- Opening Delimiter -

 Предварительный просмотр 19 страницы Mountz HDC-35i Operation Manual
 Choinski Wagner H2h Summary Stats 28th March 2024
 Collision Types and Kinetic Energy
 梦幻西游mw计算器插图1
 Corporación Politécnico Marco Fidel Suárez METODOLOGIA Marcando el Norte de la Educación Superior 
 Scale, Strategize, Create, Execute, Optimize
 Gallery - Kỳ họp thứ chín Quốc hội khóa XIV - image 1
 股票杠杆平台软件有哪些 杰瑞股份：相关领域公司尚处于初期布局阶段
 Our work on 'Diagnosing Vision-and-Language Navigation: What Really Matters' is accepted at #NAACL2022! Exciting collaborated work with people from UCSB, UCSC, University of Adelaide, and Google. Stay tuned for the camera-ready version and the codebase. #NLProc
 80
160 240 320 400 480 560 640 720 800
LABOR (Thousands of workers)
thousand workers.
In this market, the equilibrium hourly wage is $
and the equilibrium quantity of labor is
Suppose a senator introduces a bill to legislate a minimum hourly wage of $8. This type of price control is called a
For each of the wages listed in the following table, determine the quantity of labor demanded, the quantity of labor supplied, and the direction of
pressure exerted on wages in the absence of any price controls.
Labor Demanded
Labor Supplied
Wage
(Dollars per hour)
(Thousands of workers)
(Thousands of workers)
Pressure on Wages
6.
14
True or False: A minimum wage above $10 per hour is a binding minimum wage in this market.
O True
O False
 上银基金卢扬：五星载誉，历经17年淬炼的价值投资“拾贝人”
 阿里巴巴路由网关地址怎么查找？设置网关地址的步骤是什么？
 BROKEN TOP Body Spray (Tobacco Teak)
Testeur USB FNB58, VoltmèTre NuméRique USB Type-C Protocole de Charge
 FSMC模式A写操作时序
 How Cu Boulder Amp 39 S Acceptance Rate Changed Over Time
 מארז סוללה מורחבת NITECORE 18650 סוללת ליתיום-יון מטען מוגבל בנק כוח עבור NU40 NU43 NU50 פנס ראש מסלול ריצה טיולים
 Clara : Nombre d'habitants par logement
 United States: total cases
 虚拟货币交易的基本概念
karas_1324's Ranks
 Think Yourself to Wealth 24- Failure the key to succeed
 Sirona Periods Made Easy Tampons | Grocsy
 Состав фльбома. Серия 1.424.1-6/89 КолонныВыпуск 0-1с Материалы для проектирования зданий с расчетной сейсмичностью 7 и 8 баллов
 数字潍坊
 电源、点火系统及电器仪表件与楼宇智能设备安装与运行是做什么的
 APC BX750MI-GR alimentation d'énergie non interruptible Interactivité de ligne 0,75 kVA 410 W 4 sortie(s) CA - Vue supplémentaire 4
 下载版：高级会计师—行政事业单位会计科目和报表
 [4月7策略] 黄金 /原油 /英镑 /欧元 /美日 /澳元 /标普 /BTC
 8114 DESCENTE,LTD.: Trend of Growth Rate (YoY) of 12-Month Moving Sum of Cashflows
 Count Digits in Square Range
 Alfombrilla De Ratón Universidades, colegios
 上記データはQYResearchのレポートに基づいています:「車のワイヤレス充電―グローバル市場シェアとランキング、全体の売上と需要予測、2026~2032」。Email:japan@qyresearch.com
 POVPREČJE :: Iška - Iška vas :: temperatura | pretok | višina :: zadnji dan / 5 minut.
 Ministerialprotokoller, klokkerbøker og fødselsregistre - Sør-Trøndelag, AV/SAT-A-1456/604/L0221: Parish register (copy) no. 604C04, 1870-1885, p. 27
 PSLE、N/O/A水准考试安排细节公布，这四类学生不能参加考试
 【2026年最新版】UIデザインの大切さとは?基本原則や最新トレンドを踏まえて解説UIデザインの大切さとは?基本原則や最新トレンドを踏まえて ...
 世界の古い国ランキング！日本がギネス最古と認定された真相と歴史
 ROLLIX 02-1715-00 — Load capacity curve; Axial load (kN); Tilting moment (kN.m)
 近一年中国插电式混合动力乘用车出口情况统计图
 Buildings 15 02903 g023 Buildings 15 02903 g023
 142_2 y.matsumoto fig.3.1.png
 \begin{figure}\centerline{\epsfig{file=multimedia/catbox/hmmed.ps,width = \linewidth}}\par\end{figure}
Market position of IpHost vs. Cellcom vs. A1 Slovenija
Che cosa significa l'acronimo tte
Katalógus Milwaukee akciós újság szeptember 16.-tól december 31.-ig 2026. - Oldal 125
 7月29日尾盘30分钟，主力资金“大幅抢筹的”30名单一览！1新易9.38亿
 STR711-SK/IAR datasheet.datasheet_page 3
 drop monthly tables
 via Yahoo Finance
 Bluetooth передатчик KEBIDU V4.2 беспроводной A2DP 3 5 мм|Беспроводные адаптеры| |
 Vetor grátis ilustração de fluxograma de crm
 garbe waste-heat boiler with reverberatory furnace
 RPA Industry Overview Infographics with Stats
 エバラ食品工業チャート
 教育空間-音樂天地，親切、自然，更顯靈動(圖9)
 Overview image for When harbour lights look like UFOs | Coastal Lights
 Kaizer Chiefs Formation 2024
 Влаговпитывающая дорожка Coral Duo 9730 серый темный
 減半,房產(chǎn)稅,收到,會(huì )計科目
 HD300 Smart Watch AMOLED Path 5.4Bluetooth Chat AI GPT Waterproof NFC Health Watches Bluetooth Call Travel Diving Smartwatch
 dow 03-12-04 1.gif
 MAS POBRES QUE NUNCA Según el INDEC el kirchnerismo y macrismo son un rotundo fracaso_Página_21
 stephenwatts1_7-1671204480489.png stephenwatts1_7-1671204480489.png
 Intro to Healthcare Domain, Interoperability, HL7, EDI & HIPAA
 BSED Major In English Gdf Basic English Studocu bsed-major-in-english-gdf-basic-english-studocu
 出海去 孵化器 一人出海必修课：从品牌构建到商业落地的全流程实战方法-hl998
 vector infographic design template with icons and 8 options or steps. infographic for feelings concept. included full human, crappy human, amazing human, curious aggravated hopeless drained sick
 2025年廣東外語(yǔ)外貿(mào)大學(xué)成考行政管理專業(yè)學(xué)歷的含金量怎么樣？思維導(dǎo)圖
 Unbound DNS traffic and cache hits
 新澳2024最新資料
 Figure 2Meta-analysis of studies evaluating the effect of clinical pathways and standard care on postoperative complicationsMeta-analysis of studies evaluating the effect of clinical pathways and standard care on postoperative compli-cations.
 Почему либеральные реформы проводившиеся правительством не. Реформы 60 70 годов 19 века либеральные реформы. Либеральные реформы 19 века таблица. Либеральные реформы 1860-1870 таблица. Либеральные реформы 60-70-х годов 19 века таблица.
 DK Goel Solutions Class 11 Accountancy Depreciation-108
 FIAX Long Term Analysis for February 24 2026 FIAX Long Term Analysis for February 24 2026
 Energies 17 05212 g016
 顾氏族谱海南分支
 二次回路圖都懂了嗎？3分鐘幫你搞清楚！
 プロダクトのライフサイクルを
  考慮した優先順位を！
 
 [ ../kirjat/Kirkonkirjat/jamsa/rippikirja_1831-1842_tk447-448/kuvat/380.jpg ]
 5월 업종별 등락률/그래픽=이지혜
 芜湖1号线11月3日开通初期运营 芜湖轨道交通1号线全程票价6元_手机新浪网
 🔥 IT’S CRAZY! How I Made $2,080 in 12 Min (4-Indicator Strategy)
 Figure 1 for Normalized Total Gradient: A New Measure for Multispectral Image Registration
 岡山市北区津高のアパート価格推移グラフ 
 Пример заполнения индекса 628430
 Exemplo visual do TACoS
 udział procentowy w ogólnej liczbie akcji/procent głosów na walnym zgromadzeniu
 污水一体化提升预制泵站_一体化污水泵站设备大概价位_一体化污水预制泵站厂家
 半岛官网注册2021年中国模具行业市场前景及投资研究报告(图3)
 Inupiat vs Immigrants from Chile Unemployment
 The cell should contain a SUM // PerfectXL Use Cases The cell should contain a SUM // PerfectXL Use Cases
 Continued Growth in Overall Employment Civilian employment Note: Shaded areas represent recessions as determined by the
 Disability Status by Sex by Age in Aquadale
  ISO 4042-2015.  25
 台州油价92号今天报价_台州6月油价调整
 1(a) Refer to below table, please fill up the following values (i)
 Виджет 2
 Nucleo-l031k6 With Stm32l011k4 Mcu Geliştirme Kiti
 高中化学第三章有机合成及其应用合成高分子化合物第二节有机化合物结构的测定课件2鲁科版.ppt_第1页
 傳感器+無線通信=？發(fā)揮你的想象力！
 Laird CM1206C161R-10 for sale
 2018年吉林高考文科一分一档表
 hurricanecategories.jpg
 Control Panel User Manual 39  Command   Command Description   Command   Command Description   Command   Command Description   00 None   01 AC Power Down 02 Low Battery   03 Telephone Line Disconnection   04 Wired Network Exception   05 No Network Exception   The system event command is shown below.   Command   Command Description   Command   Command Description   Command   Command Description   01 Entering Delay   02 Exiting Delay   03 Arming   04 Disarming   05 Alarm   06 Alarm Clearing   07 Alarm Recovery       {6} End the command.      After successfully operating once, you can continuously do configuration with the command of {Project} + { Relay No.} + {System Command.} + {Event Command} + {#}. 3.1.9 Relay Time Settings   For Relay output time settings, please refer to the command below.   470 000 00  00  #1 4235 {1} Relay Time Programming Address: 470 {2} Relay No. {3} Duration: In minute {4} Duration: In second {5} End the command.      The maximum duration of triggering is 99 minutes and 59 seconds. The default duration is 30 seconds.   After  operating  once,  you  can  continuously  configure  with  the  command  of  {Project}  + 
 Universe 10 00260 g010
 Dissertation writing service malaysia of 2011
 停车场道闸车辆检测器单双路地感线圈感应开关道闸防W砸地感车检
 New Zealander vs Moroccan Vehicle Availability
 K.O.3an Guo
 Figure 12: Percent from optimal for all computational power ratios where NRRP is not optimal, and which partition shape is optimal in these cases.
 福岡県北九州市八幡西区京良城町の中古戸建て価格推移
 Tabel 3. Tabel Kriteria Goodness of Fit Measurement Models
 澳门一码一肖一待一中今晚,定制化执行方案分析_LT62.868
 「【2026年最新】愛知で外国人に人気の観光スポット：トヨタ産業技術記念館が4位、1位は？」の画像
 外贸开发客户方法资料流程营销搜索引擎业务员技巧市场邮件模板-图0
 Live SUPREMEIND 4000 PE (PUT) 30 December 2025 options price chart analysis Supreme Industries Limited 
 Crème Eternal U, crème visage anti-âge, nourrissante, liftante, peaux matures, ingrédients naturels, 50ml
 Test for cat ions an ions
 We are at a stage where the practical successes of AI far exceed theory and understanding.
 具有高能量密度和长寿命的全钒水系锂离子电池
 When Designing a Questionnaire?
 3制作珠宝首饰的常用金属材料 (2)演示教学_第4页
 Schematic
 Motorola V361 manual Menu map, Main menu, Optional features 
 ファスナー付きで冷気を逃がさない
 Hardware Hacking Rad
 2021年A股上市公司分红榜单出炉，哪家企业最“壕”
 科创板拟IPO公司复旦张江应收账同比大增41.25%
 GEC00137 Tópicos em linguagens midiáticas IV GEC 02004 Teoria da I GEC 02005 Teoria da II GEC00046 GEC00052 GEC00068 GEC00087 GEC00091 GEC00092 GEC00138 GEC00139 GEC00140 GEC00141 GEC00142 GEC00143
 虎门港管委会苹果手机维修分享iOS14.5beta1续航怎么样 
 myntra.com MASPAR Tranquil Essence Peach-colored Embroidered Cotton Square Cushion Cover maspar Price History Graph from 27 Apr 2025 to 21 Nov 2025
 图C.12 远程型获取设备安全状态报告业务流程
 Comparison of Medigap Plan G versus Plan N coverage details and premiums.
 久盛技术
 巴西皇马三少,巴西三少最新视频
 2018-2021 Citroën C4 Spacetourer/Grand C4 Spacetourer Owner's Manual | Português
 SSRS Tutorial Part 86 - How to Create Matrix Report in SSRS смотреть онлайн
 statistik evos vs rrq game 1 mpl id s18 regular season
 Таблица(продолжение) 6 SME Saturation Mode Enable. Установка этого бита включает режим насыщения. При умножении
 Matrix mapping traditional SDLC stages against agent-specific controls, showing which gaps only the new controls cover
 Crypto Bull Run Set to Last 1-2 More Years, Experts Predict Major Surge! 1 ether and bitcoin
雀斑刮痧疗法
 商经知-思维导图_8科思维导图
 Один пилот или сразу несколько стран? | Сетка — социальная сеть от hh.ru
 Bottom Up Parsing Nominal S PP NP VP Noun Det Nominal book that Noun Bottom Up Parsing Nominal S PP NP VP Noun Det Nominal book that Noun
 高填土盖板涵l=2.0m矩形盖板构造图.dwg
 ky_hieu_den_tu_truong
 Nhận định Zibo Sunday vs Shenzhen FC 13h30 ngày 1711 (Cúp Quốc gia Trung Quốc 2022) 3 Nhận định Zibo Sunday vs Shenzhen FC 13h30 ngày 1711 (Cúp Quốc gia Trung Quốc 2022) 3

- Closing Delimiter -

**Brief:** Please determine how many lines in the entries contain the word "equilibrium" and answer with the number alone.

**Answer for the task:** 2